Navigation

Inhaltsbereich

Session: 24.10.2018

In den letzten Jahren ist es oft vorgekommen, dass Regierungsmitglieder nach Beendigung ihrer Regierungstätigkeit ein Verwaltungsratsmandat annahmen. In der Bevölkerung stösst solches Gebaren auf Unverständnis. Das trifft vor allem dann zu, wenn die Unternehmung während der Regierungszeit des alt Regierungsmitglieds Aufträge des Kantons erhielt oder auf andere Art und Weise in grosser Abhängigkeit zum Kanton steht. Das schadet dem Ansehen der Bündner Institutionen und weckt unweigerlich den Verdacht auf „Filz“ oder Vetternwirtschaft. Das schadet auch (ungerechtfertigterweise) dem Ansehen der amtierenden Regierung.

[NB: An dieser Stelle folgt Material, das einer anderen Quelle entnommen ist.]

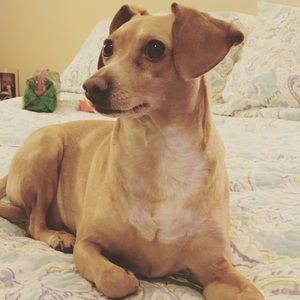 Meet your Posher, Mabel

Mitglieder der Regierung unterstehen der Geheimhaltung. Bringen ehemalige Regierungsmitglieder ihr Vorwissen als Verwaltungsratsmitglieder in private Unternehmen ein, entstehen unweigerlich Interessenskonflikte. Unter anderem um diese Interessenkonflikte zu verhindern, erhalten Regierungsmitglieder ein Ruhegehalt. Ziel dieses Ruhegehaltes ist es also, die Unabhängigkeit der Regierungsmitglieder sicherzustellen. Die Vergangenheit zeigte, dass Freiwilligkeit an diesem Punkt nicht weiterhilft.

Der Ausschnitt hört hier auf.